First the good/ not so bad news --
US housing prices dropped 32% from the peak in the second quarter of 06, to the bottom in the first quarter of 2009, prices were up 6.3% by the end of 2009, according to a Standard & Poor’s (S&P)/Case-Shiller home price index annual report. S&P chief economist David Wyss projects housing sales and starts to drop over the winter, but to remain well above their early 2009 lows, and to recover in the spring. Wyss projects 750,000 total housing starts in 2010, followed by an additional 1.18 million housing starts in 2011. He also projects national house prices to decline 8% over the winter months. The S&P/Case-Shiller 10-city and 20-city composites peaked in June and July 2006, respectively and both bottomed out in April 2009.
Read /download the 2009 year end report here.
The Bad News --
A total of 3,957,643 foreclosure filings — default notices, scheduled foreclosure, and auctions— were reported on 2,824,674 U.S. properties in 2009, a 21 percent increase in total properties from 2008 and a 120 percent increase in total properties from 2007. The report also shows that 2.21 percent of all U.S. housing units (one in 45) received at least one foreclosure filing during the year, up from 1.84 percent in 2008, 1.03 percent in 2007 and 0.58 percent in 2006.

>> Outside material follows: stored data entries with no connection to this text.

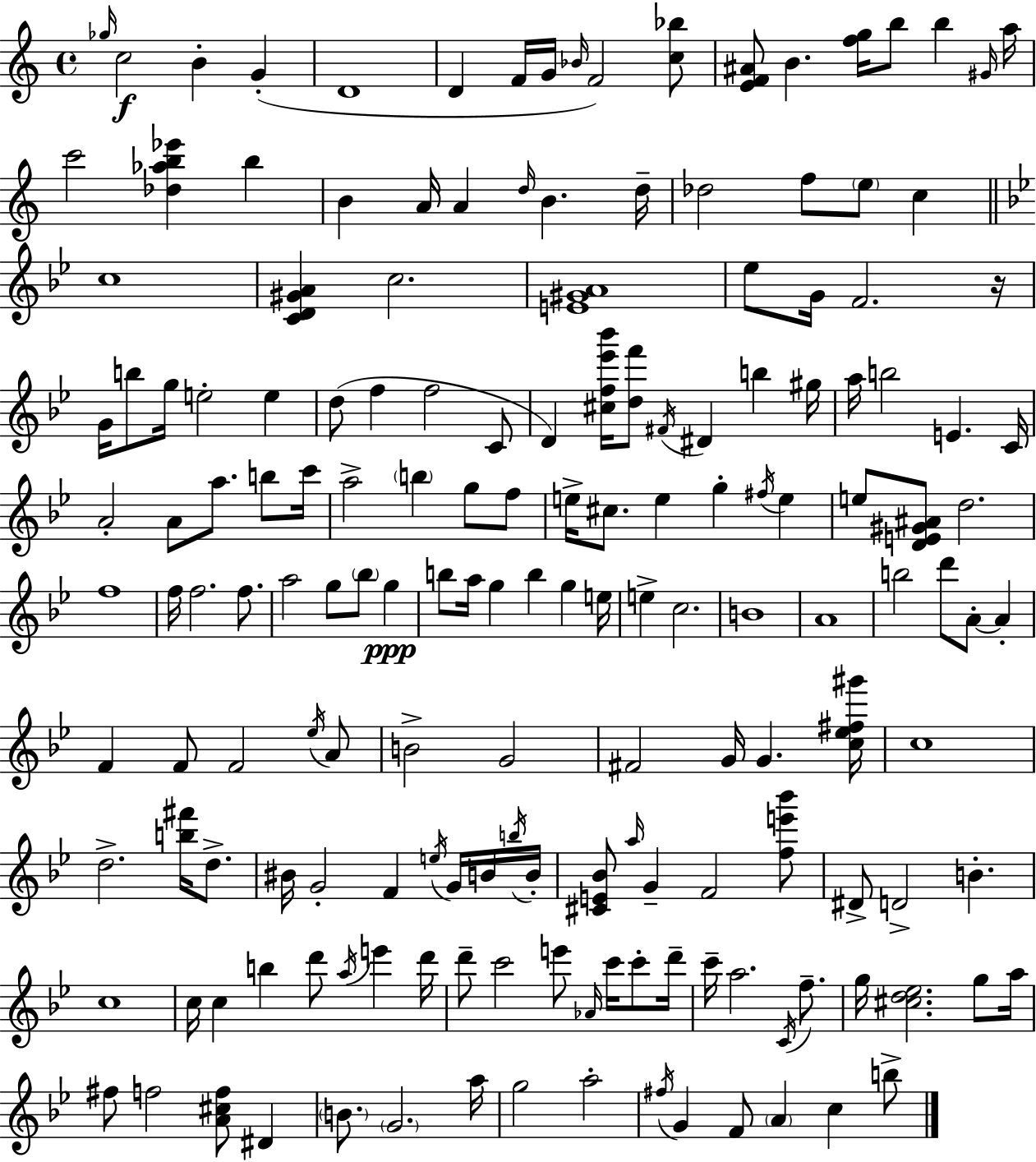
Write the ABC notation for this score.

X:1
T:Untitled
M:4/4
L:1/4
K:Am
_g/4 c2 B G D4 D F/4 G/4 _B/4 F2 [c_b]/2 [EF^A]/2 B [fg]/4 b/2 b ^G/4 a/4 c'2 [_d_ab_e'] b B A/4 A d/4 B d/4 _d2 f/2 e/2 c c4 [CD^GA] c2 [E^GA]4 _e/2 G/4 F2 z/4 G/4 b/2 g/4 e2 e d/2 f f2 C/2 D [^cf_e'_b']/4 [df']/2 ^F/4 ^D b ^g/4 a/4 b2 E C/4 A2 A/2 a/2 b/2 c'/4 a2 b g/2 f/2 e/4 ^c/2 e g ^f/4 e e/2 [DE^G^A]/2 d2 f4 f/4 f2 f/2 a2 g/2 _b/2 g b/2 a/4 g b g e/4 e c2 B4 A4 b2 d'/2 A/2 A F F/2 F2 _e/4 A/2 B2 G2 ^F2 G/4 G [c_e^f^g']/4 c4 d2 [b^f']/4 d/2 ^B/4 G2 F e/4 G/4 B/4 b/4 B/4 [^CE_B]/2 a/4 G F2 [fe'_b']/2 ^D/2 D2 B c4 c/4 c b d'/2 a/4 e' d'/4 d'/2 c'2 e'/2 _A/4 c'/4 c'/2 d'/4 c'/4 a2 C/4 f/2 g/4 [^cd_e]2 g/2 a/4 ^f/2 f2 [A^cf]/2 ^D B/2 G2 a/4 g2 a2 ^f/4 G F/2 A c b/2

Foreclosure filings were reported on 349,519 U.S. properties in December, a 14 percent jump from the previous month and a 15 percent increase from December 2008 — when a similar monthly jump in foreclosure activity occurred. Despite the increase in December, foreclosure activity in the fourth quarter decreased 7 percent from the third quarter, although it was still up 18 percent from the fourth quarter of 2008.

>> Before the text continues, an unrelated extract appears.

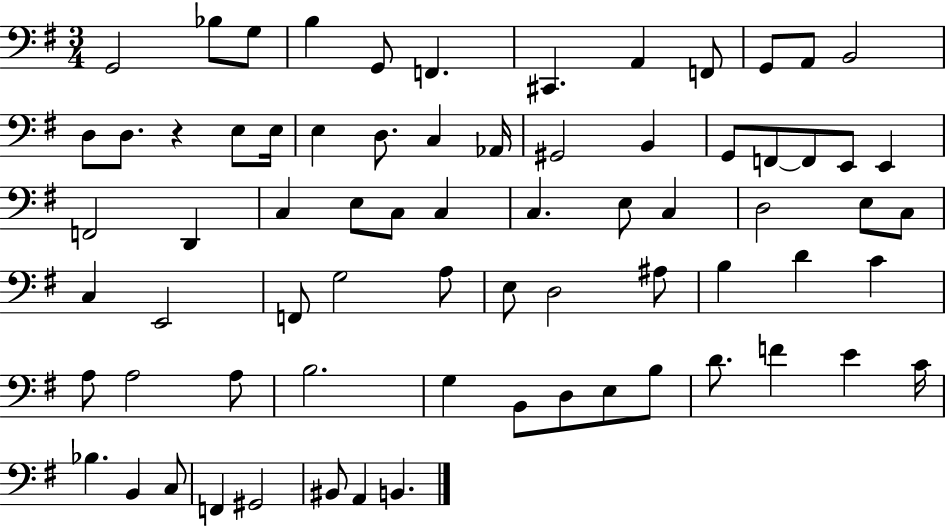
G2/h Bb3/e G3/e B3/q G2/e F2/q. C#2/q. A2/q F2/e G2/e A2/e B2/h D3/e D3/e. R/q E3/e E3/s E3/q D3/e. C3/q Ab2/s G#2/h B2/q G2/e F2/e F2/e E2/e E2/q F2/h D2/q C3/q E3/e C3/e C3/q C3/q. E3/e C3/q D3/h E3/e C3/e C3/q E2/h F2/e G3/h A3/e E3/e D3/h A#3/e B3/q D4/q C4/q A3/e A3/h A3/e B3/h. G3/q B2/e D3/e E3/e B3/e D4/e. F4/q E4/q C4/s Bb3/q. B2/q C3/e F2/q G#2/h BIS2/e A2/q B2/q.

"As bad as the 2009 numbers are, they probably would have been worse if not for legislative and industry-related delays in processing delinquent loans," said James J. Saccacio, chief executive officer of RealtyTrac. "After peaking in July with over 361,000 homes receiving a foreclosure notice, we saw four straight monthly decreases driven primarily by short-term factors: trial loan modifications, state legislation extending the foreclosure process and an overwhelming volume of inventory clogging the foreclosure pipeline.
"Despite all the delays, foreclosure activity still hit a record high for our report in 2009, capped off by a substantial increase in December," Saccacio continued. "In the long term a massive supply of delinquent loans continues to loom over the housing market, and many of those delinquencies will end up in the foreclosure process in 2010 and beyond as lenders gradually work their way through the backlog."